REQUIRED ACTION >> The result should be an exact copy of only the lines from the one holding "This video is" through the last line of the data below, please, without pictures.
== Segment start ==
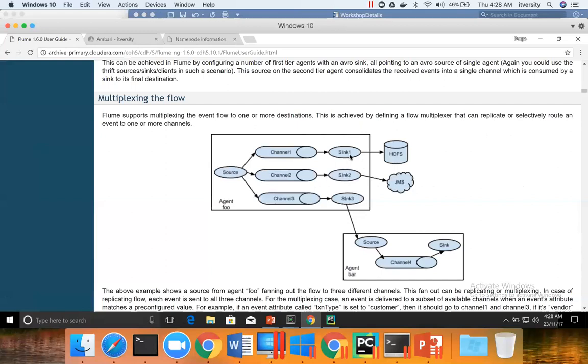And whenever you have a sink, there has to be an associated channel with it. One channel cannot write to multiple sinks. That is not possible. Whenever you have a sink, there will be a channel associated with it. So one source can write into multiple sinks and each sink has to have a channel.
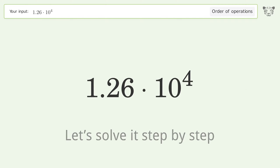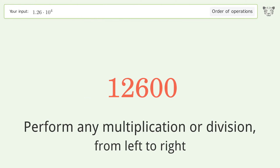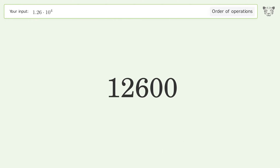First, simplify exponents and square roots: 10 to the power of 4 equals 10,000. Then perform any multiplication or division from left to right: 1.26 times 10,000 equals 12,600. And so the final result is 12,600.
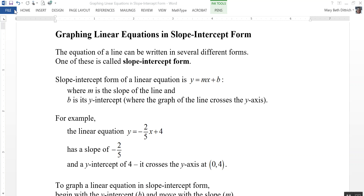This video is on graphing linear equations in slope-intercept form. The equation of a line can be written in several different forms. One of these is called slope-intercept form. Slope-intercept form of a linear equation is y equals mx plus b, where m is the slope of the line and b is its y-intercept — that is, where the graph of the line crosses the y-axis.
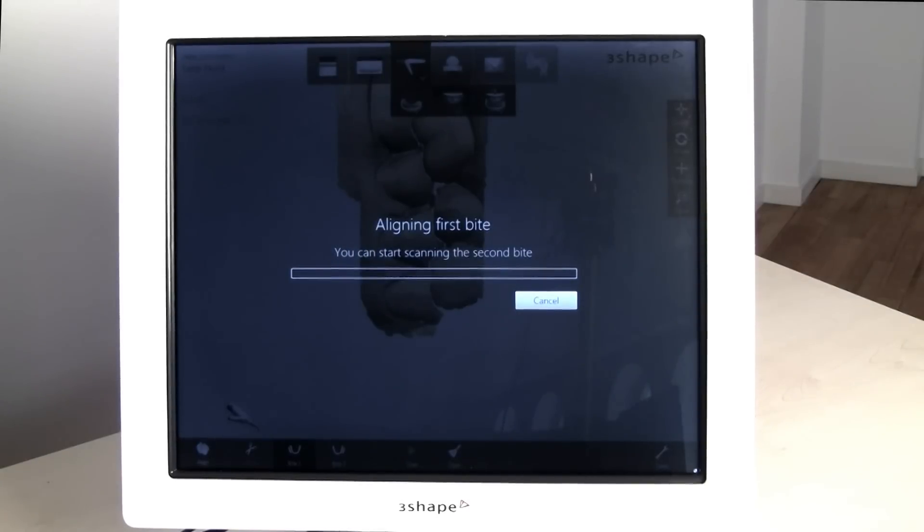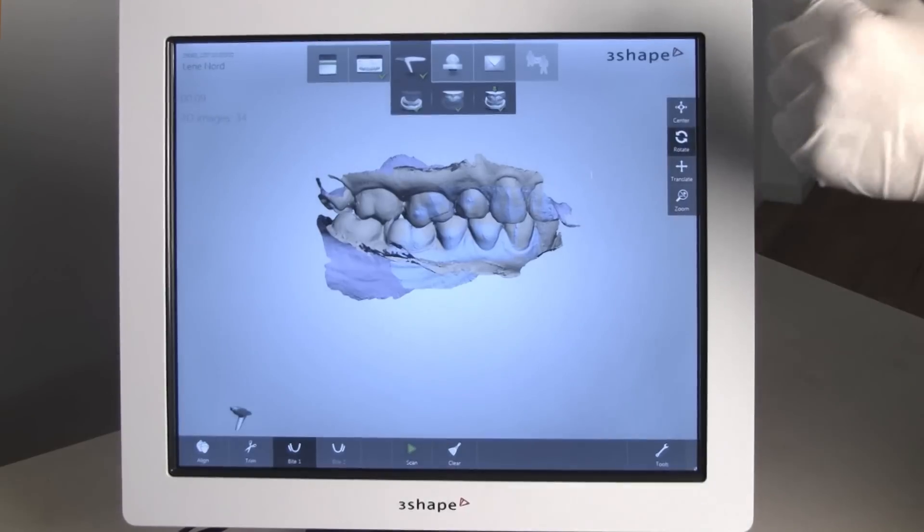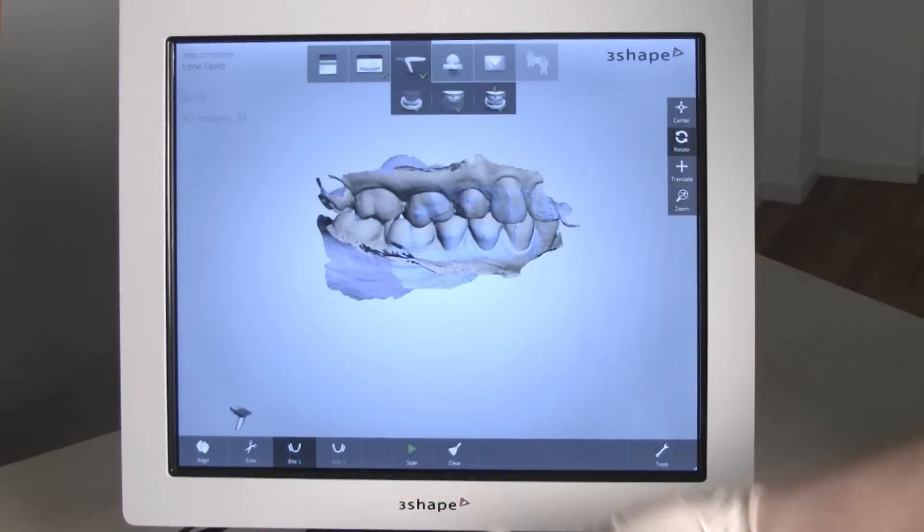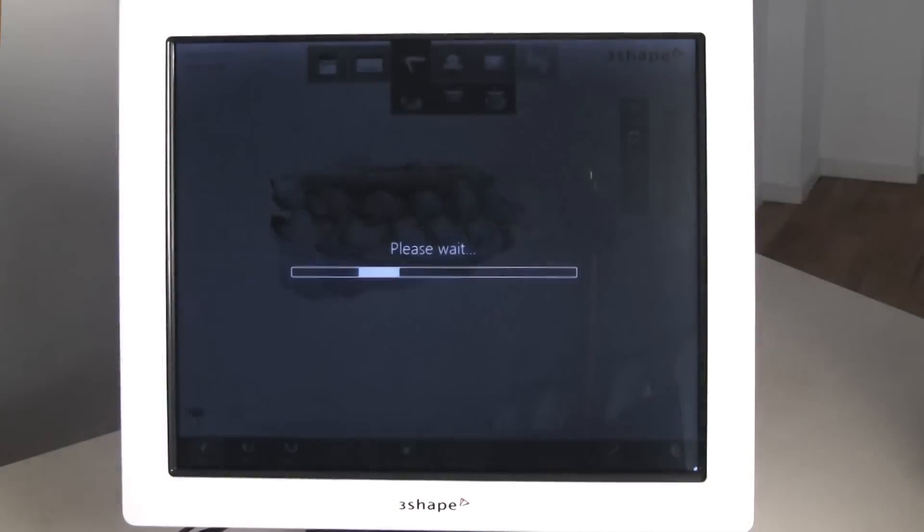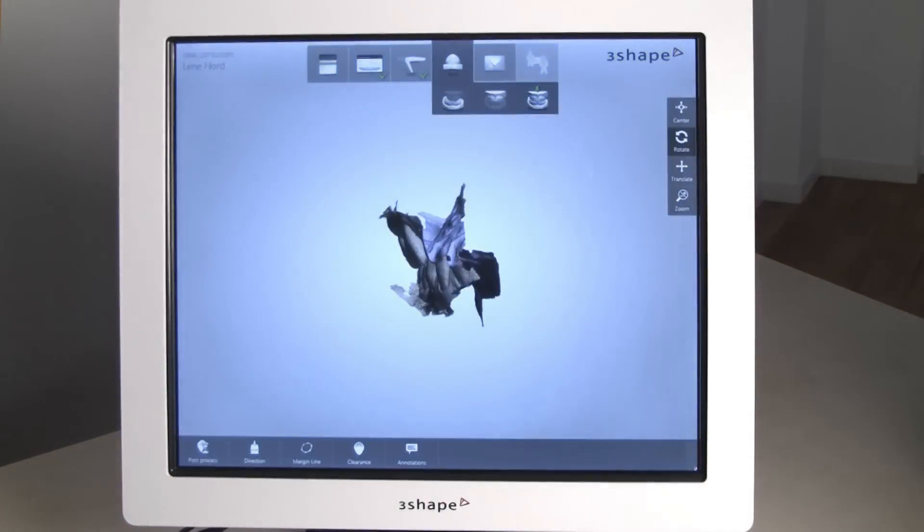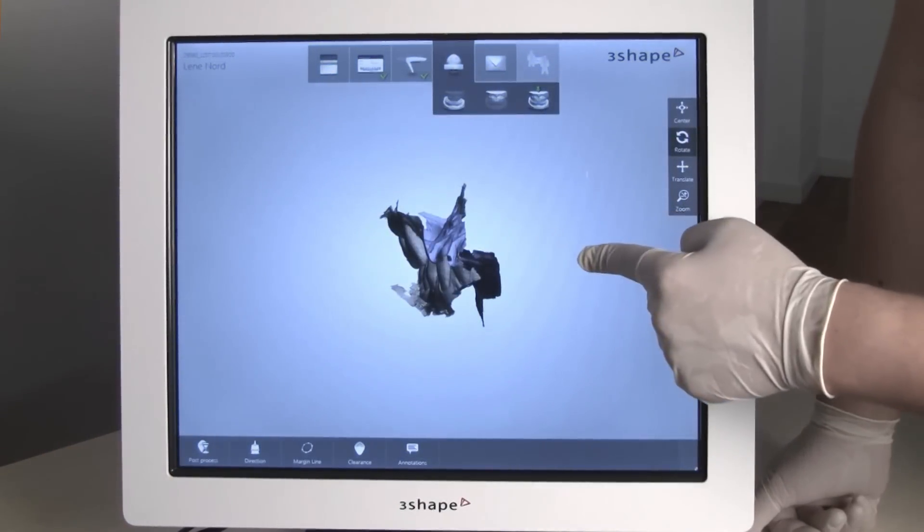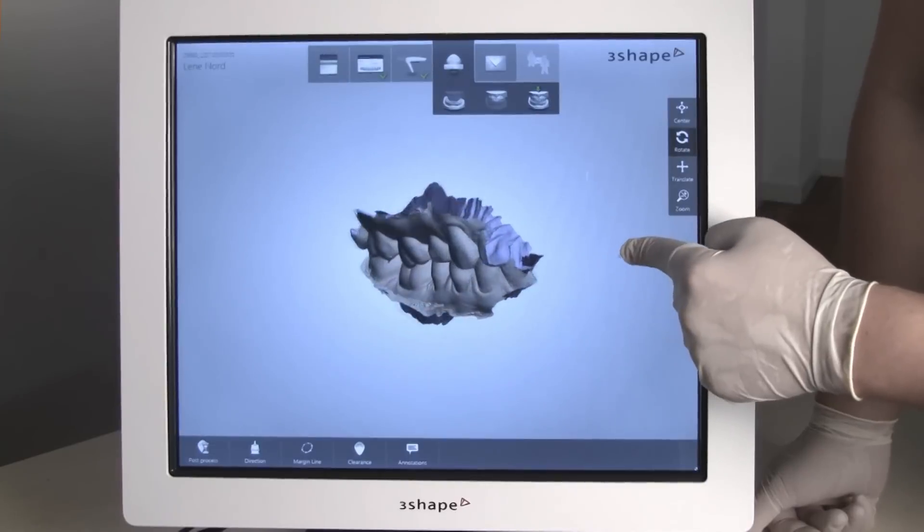If scanning a full jaw case, then two bite scans are required. The second bite scan can be initiated even though the progress bar indicates that alignment is still in progress.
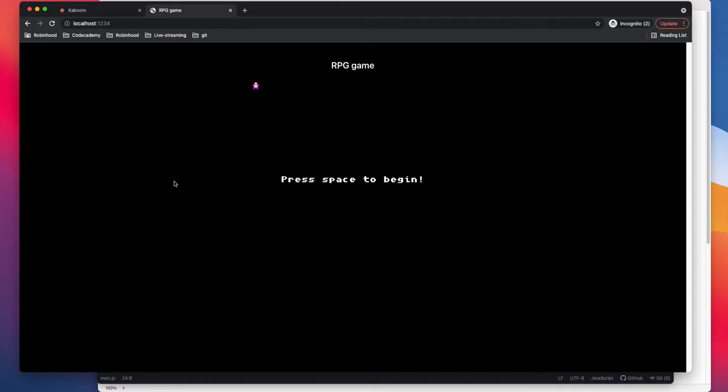Hi everyone, welcome to another episode. So this is going to be part 5. In the previous part we actually displayed some text and some characters on the screen, actually one character on the screen.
== Segment end ==
ANSWER FOR THE TASK >>
This video is on graphing linear equations in slope-intercept form. The equation of a line can be written in several different forms. One of these is called slope-intercept form. Slope-intercept form of a linear equation is y equals mx plus b, where m is the slope of the line and b is its y-intercept — that is, where the graph of the line crosses the y-axis.
If scanning a full jaw case, then two bite scans are required. The second bite scan can be initiated even though the progress bar indicates that alignment is still in progress.
Hi everyone, welcome to another episode. So this is going to be part 5. In the previous part we actually displayed some text and some characters on the screen, actually one character on the screen.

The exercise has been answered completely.